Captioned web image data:
┌──
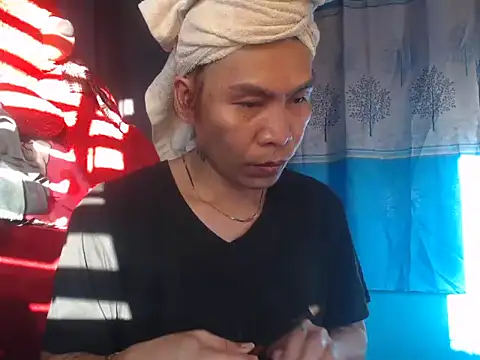 YourTopwengのライブXXXチャット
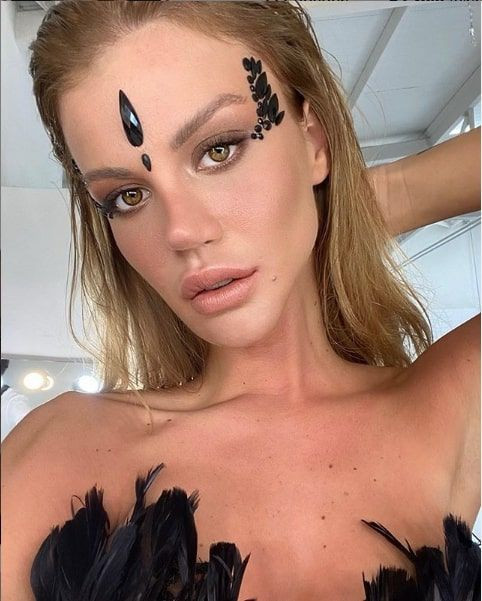 Kanal D’de Magazin D’yi sunmaya başlayan Aslı Turanlı'nın maskesinin fiyatı olay! - Resim: 1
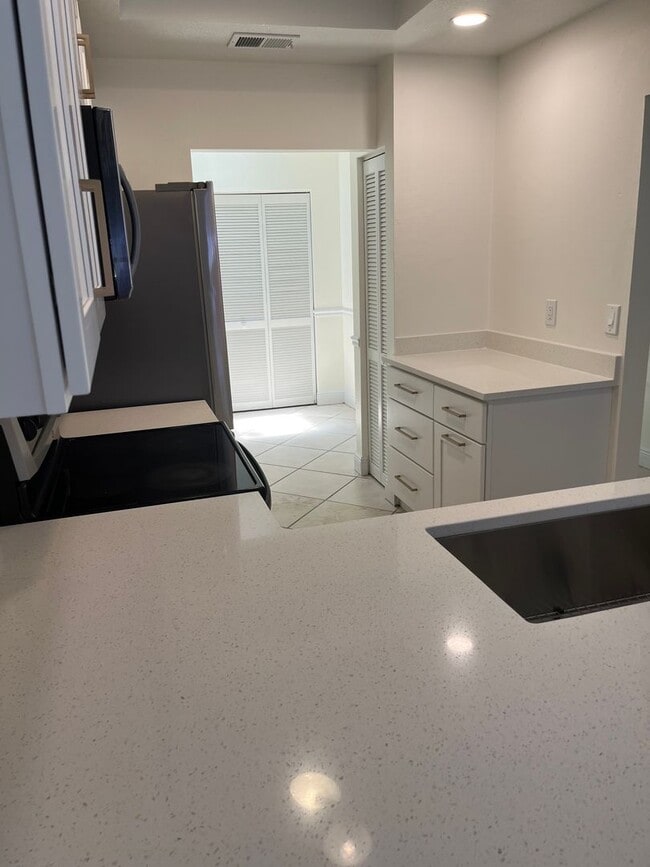 Photo - 752 S Orlando Ave Unidad OCE314
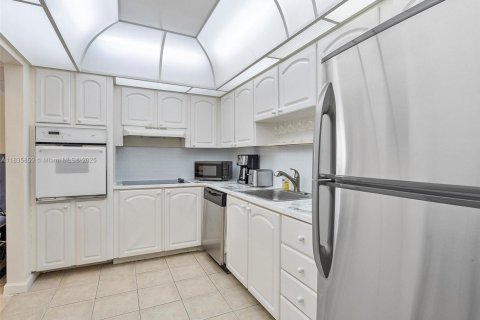 Condominio en venta en Hollywood, Florida, 1 dormitorio, 73.3 m2 № 1820156 - foto 18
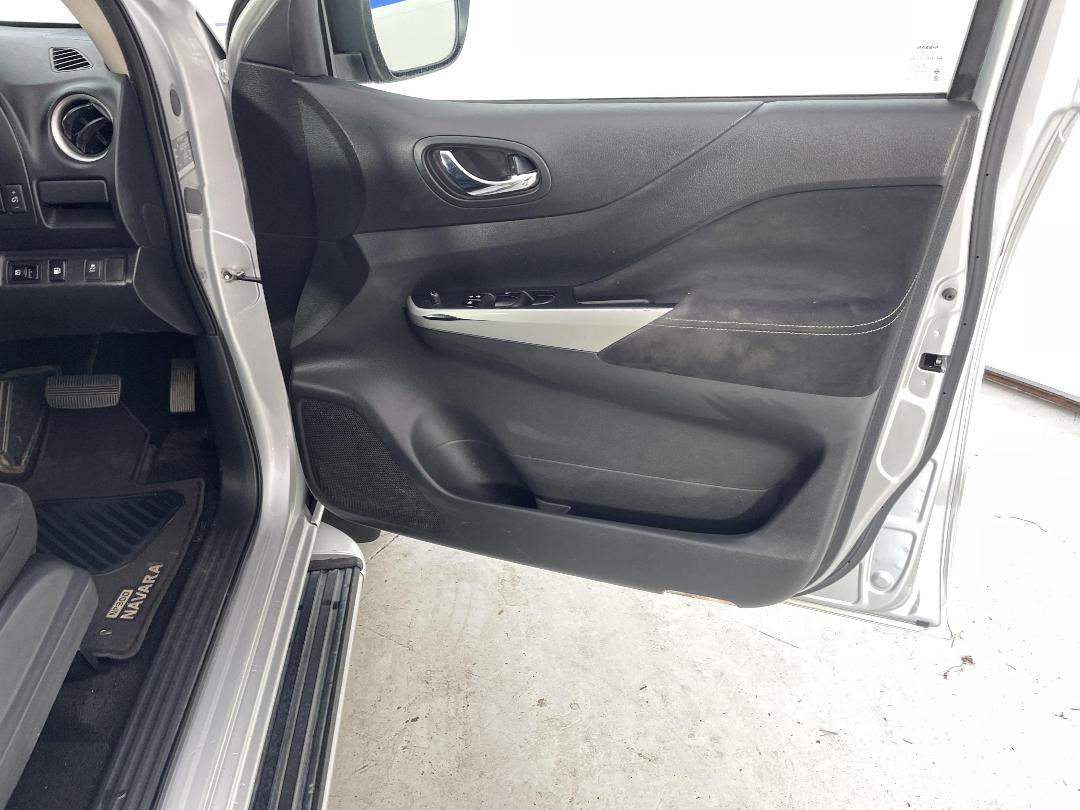 Photo '15' of Nissan Navara Photo '15' of Nissan Navara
└──
## What the task requires
Although the records contain pictures, restate them word for word with those pictures left out.

## Solution to the problem
 YourTopwengのライブXXXチャット
 Kanal D’de Magazin D’yi sunmaya başlayan Aslı Turanlı'nın maskesinin fiyatı olay! - Resim: 1
 Photo - 752 S Orlando Ave Unidad OCE314
 Condominio en venta en Hollywood, Florida, 1 dormitorio, 73.3 m2 № 1820156 - foto 18
 Photo '15' of Nissan Navara Photo '15' of Nissan Navara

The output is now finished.